• _Problem details_:
If pictures appear, leave them out, and return exactly the lines from the one holding "Bert & May Navy Santona Porcelain" through the last line of the listing below.

• _Dataset extract_:
□ □ □ □ □

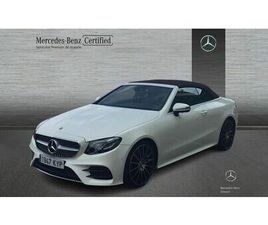 MERCEDES-BENZ CLASE E E 220 D CABRIO AMG LINE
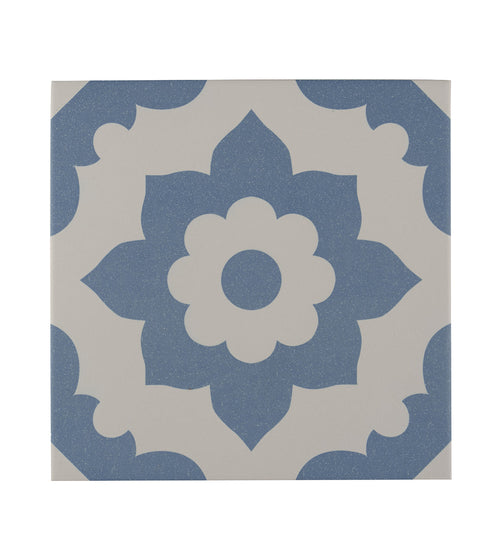 Bert & May Navy Santona Porcelain
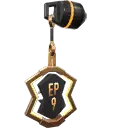 Porte-bonheur CHAMPION DE PREMIER É9A1 // ÉLT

□ □ □ □ □

• _Exercise response_:
 Bert & May Navy Santona Porcelain
 Porte-bonheur CHAMPION DE PREMIER É9A1 // ÉLT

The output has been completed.